Best ways to weed
Unsightly and seemingly uncontrollable, weeds have a way of taking over the garden in the time it takes to put the hoe away.
Keeping weeds under control takes time and patience, but the effort is worth it, said Chip Bubl, horticulturist with Oregon State University Extension Service. Plants — especially vegetables — have a hard time thriving in the company of unwelcome neighbors that compete for water, light and nutrients. Some also harbor pests or diseases.
“Weed seedlings are vulnerable to hoeing, hand pulling or rototilling,” he said. “Mature weeds are more difficult to remove. Since weeds often emerge before vegetable seedlings, they’ll suppress the growth of your vegetable seeds. The time you spend weeding in the two to three weeks after you plant seeds will be time very well spent. Weed early and often.”
If you keep weeds at a minimum, your vegetables, annuals and perennials have a better chance of flourishing. Here are a few guidelines from Bubl on how to control these stubborn plants:
Organic mulches such as leaves, hay and grass clippings keep weeds under control and improve soil as they break down. Apply a layer of organic mulch two to four inches deep to your vegetable garden. Avoid the leaves of black walnut trees (Juglans nigra) or tree of heaven (Ailanthus altissima), which can inhibit growth of plants and seeds. Don’t use grass or lawn clippings if the lawn was mowed when weeds were in seed.

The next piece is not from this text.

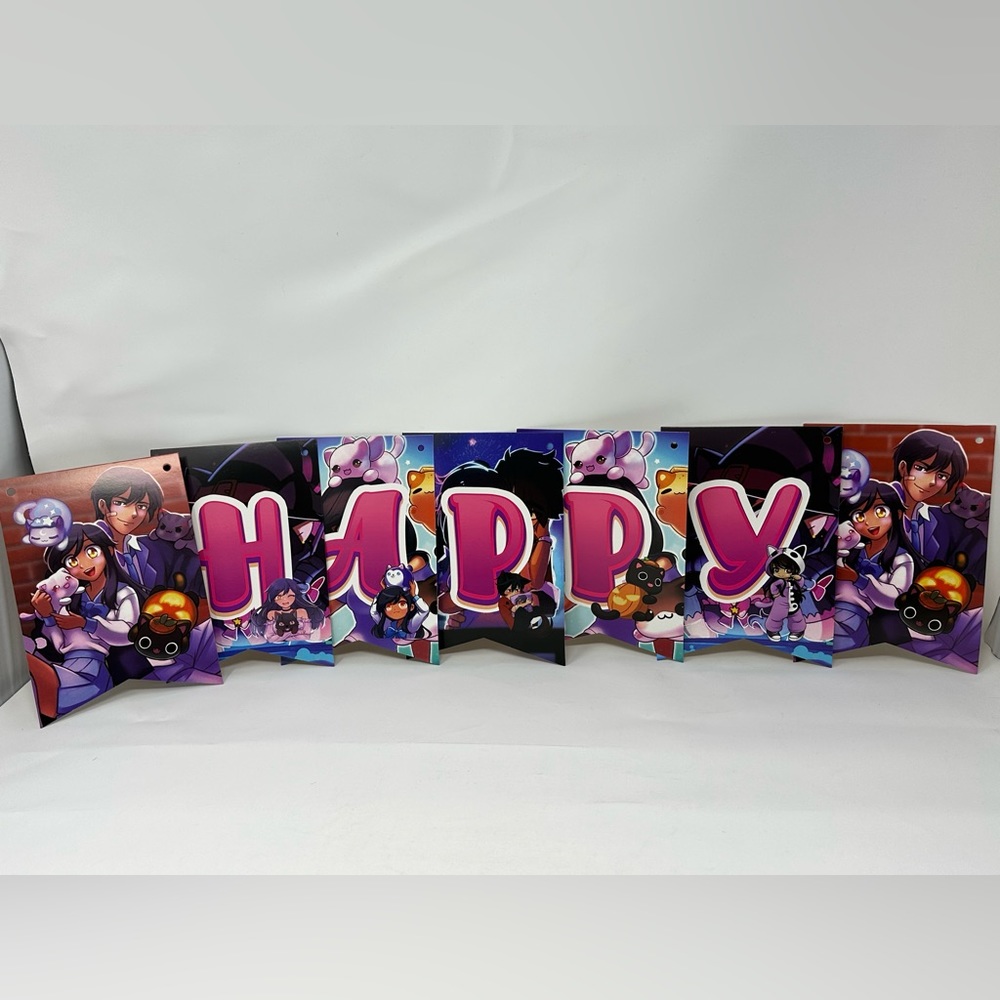 68pcs Anime Kawaii Cute Cat themed party Pack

Plastic sheeting may also be used to control weeds. Black plastic reduces light and prevents weed growth. You will need drip irrigation and appropriate fertilizer in place before you lay the plastic. Make slits in the plastic, and if weeds appear in the planting slits, immediately remove them.
Sprinklers water a large area, but encourage weed growth. Drip irrigation delivers water only where you want it and will slow the amount of weeds in the garden.

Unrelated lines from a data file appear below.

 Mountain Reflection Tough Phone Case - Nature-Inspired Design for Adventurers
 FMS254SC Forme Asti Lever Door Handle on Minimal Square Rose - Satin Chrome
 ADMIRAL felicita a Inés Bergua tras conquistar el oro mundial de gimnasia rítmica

Rototillers are useful tools for incorporating organic matter and controlling persistent winter weeds before planting. If you space your rows wide enough, rototillers can be used between rows for weed control as your crops grow.
One caution: If you rototill perennial weeds like quackgrass, morning glory and Canada thistle, you likely will increase the number of individual weeds because new plants will grow from broken roots left in the soil. But persistent pulling of these “weed fragments” will weaken their hold on the garden.

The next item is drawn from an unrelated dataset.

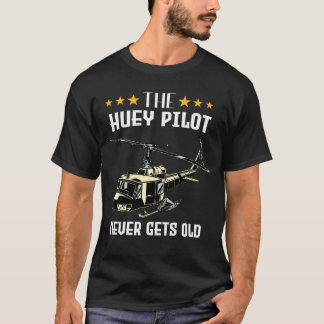 T-shirt Euh1 Huey Pilotes d'hélicoptère VietnamHuey pilote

Rototillers can damage roots or stems if used close to plants. In addition, too much tilling may damage the structural qualities of the soil. Never till soil when it is wet or you’ll end up with cloddy, compacted soil.
Hand pulling works well in small gardens and raised beds. Pull when the soil is damp, but not wet. Try to get to annual weeds before they go to seed or you’ll get a whole new crop. When you pull perennial weeds, you won’t get all of the root system. However, if you persistently remove new weedy shoots, you prevent the plant from storing carbohydrates and may, eventually, kill the perennial plant and win the war. This process is called carbohydrate starvation and must be done with passion almost every day to be successful. But people really can control morning glory and other perennial weeds by this level of commitment.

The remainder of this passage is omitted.